= Commercial Advertisement Loudness Mitigation Act =

2010 United States legislation

The Commercial Advertisement Loudness Mitigation Act (/) (CALM Act) requires the U.S. Federal Communications Commission to bar the audio of TV commercials from being broadcast louder than the TV program material they accompany by requiring all "multichannel video programming" distributors to implement the "Techniques for Establishing and Maintaining Audio Loudness for Digital Television" issued by the international industry group Advanced Television Systems Committee. The final bill was passed on September 29, 2010.

No specific penalties are given; those are to be set by the FCC in its regulations. A TV broadcaster or distributor is "in compliance" if it installs and uses suitable equipment and software. Unlike some FCC regulations, cable system operators are subject to the rule in addition to broadcast stations.
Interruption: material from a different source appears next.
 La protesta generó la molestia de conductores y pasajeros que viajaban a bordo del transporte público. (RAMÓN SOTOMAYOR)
After issuing regulations, the FCC began enforcing those regulations on December 13, 2012, after a one-year grace period.

==History==

The bill was the U.S. Senate companion to proposed legislation in the House of Representatives by Representative Anna Eshoo (D-CA), a member of the Energy and Commerce Committee. She said she was motivated to write the bill after a loud commercial interrupted conversation at a family dinner; when she turned to her brother-in-law, asking him to "do something" about the loud television, he replied, "Well, you're the congresswoman. Why don't you do something about it?". According to Eshoo, no one turned her down when she looked for supporters to the bill, and it passed the Communications Subcommittee. The technical requirements for measuring loudness were taken entirely from a formerly voluntary "recommended practice" issued by the Advanced Television Systems Committee (ATSC) on November 4, 2009. Eshoo told The Wall Street Journal that legislation to mitigate the volume of commercials on TV was among the most popular pieces of legislation she has sponsored in her 18 years in Congress.
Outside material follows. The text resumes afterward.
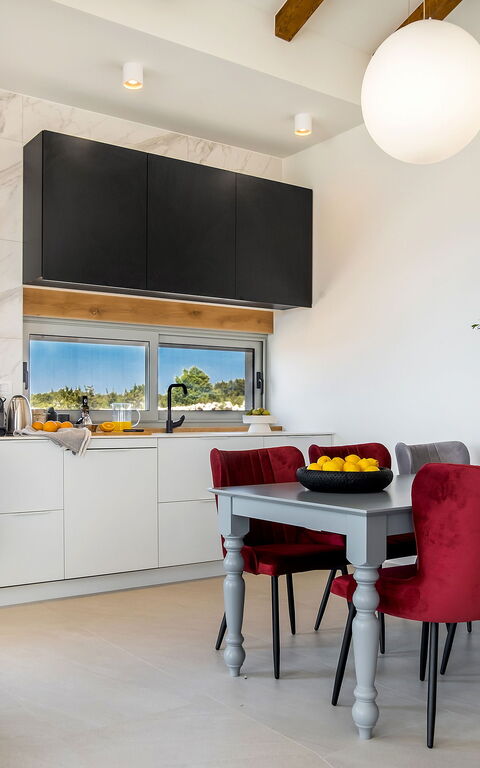 Villa Steropa: Cucina, Sala da pranzo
Prior to adjourning for the midterm recess, the United States Senate unanimously passed the bill on September 30, 2010. Before it was signed into law in December, minor differences between the two versions had to be worked out when Congress returned to Washington after the November 2 election. The reconciled bill was signed into law by President Barack Obama on December 15, 2010, as Public Law 111–311.

On May 27, 2011, the FCC released a Notice of Proposed Rulemaking (NPRM), Media Bureau (MB) Docket 11–93, to implement the CALM Act. Twelve parties filed comments, which are now available in the FCC's Electronic Comment Filing System (ECFS).

The FCC adopted its rules on December 13, 2011, and they took effect on December 13, 2012. Television viewers are asked to report loud commercials that violate this bill to the FCC.

However the act does not affect streaming, cable, and internet commercials, so loud commercials still occur in those mediums.